General Electric’s finance business has “zero equity value,” Bank of America Merrill Lynch analysts wrote in a note Thursday.
The GE Capital portfolio is under scrutiny after ending last year with $95 billion in debt outstanding, combined with two investigations into the business. The firm’s analysis comes as The Wall Street Journal reported the embattled industrial conglomerate may sell the full GE Capital portfolio, potentially at a loss, citing sources familiar with the situation.
GE Capital is believed by some on Wall Street as adding no value to GE’s stock, the Journal reported. Bank of America fits squarely in this camp, with its latest report reaching that conclusion after walking through the risks facing General Electric if it retains GE Capital – and the crown jewel of aviation services buried within it.
Bank of America finds that GE Capital Aviation Services is the largest in the portfolio’s assets, accounting for 35 percent (or $40 billion). The firm said it expects the business to “remain solid” if today’s steady “aerospace cycle holds.” That cycle has remained strong over the past 40 years, seen in the chart, with Boeing, Airbus, Bombardier and Embraer consistently adding to the number of aircraft in service around the world.
With nearly 60 percent of the aviation division’s revenue “coming from high-growth regions outside the U.S. and Europe,” Bank of America said GE Capital Aviation Services “has a solid profitability outlook.”
GE has established bank lines worth $40 billion to stop gap GE Capital in the event of a credit rating downgrade, which Bank of America estimates will sustain the business through 2020.
“[But] there is little room for error from the execution standpoint or [for] another sizable charge at GE Capital,” Bank of America wrote.
The Securities and Exchange Commission opened an investigation into General Electric’s accounting practices in the wake of the conglomerate’s review of its insurance business. On Jan. 16, GE revealed it had conducted a review of its GE Capital insurance portfolio and decided to take a $6.2 billion after-tax charge in the fourth quarter of 2017, and contribute $15 billion over the next seven years to shore up the portfolio’s reserves. The SEC is investigating both the process that led to the insurance reserve increase and the fourth-quarter charge, GE Chief Financial Officer Jamie Miller said at the time.

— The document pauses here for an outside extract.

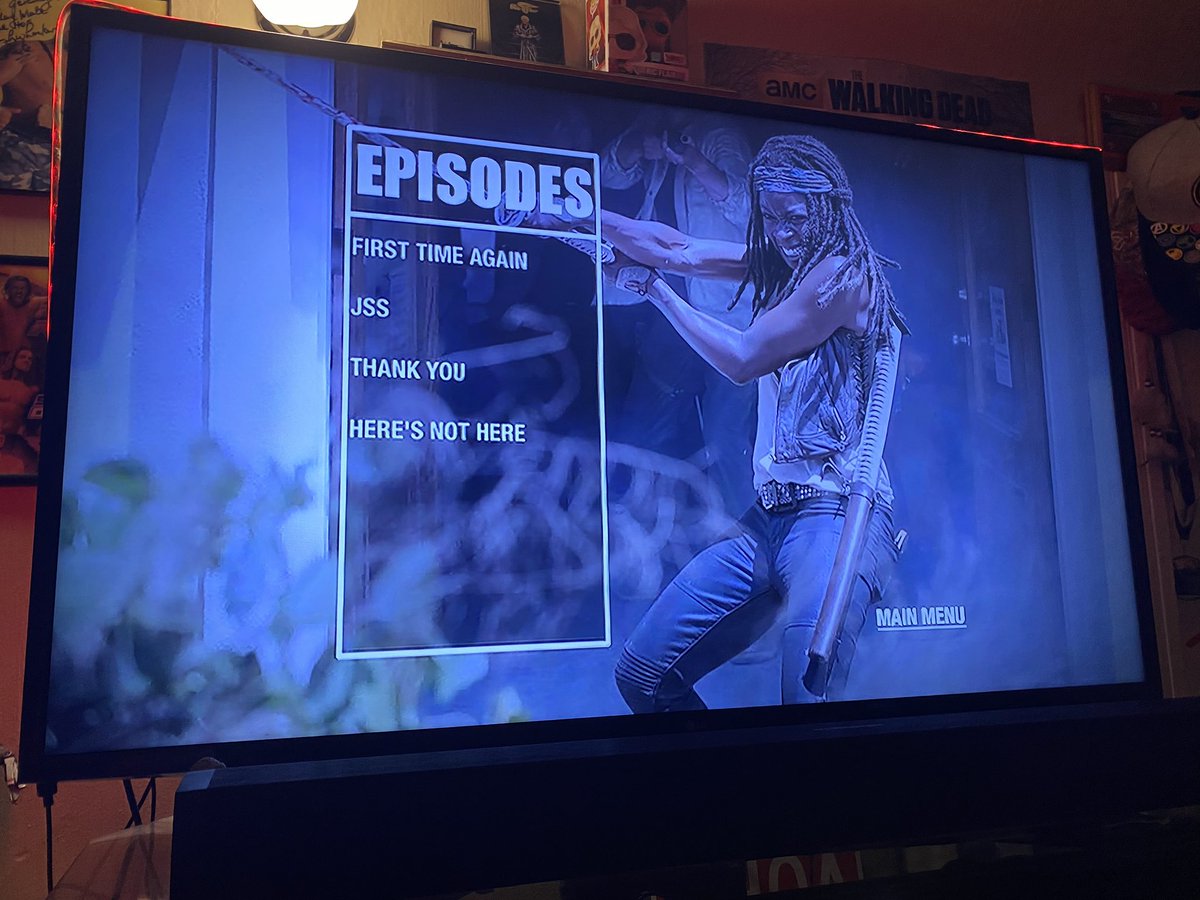 4 episodes in and remembering how GOOD Season 6 is! These were the times when we didn’t know rather or not Glenn was dead. I love  #TheWalkingDead so much!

In addition, the U.S. Justice Department has opened an investigation in connection with alleged subprime mortgage violations. GE said in a regulatory filing Feb. 23 that the company faces allegations that GE Capital, and its now defunct WMC Mortgage business, violated U.S. law in connection with subprime mortgages.

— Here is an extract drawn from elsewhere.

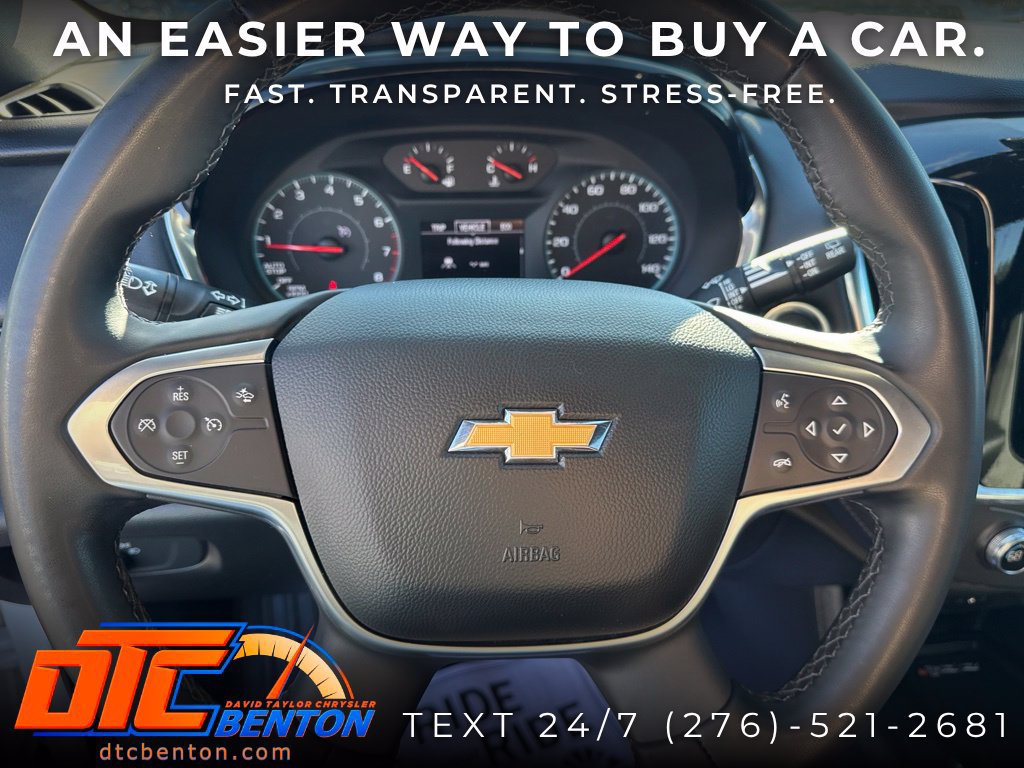 Used 2023 Chevrolet Traverse LT FWD image 16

The Justice Department “is likely to assert” violation of financial regulatory law, GE said in the filing, due to “WMC’s origination and sale of subprime mortgage loans in 2006 and 2007.” The company, which sold WMC in 2007, said the warning about potential Justice action includes the outcomes from investigations of other financial firms.
“These outstanding legal matters or investigations amount to up to $10 billion in incremental liability in GE Capital,” Bank of America said, while noting that it sees this total charge as “the worst case scenario.”
The analysts note GE has already set aside to pay “some of the potential liabilities” – reserves of which are now $426 million, according to Deutsche Bank’s estimates. But Bank of America said its model assumes about “$1 billion of cash outflow to settle” the WMC claims.
The expected sale of $20 billion in General Electric assets is why Bank of America believes GE Capital will have “sufficient liquidity through” 2020. In the best case scenario, GE Capital has an equity value of $7 billion, making a sale of the portfolio a more palatable undertaking for a buyer. Yet Bank of America’s worst case scenario puts GE Capital as a $4 billion loss, or minus 50 cents per share. At that point, offloading GE Capital would require the conglomerate to pay an entity to acquire the portfolio.
General Electric is expected to report its first-quarter earnings on April 20. Chief Executive John Flannery said Wednesday at CNBC’s Net/Net event that this will be GE’s “first report card” toward proving the company’s restructuring is helping to “run the company better.”
“We know we have great franchises; we know we can run them better,” Flannery said. “There’s a nucleus of strength and improvement in that we see right in front of us.”
GE stock’s was near $13 per share on Thursday, having dropped more than 56 percent over the last 12 months.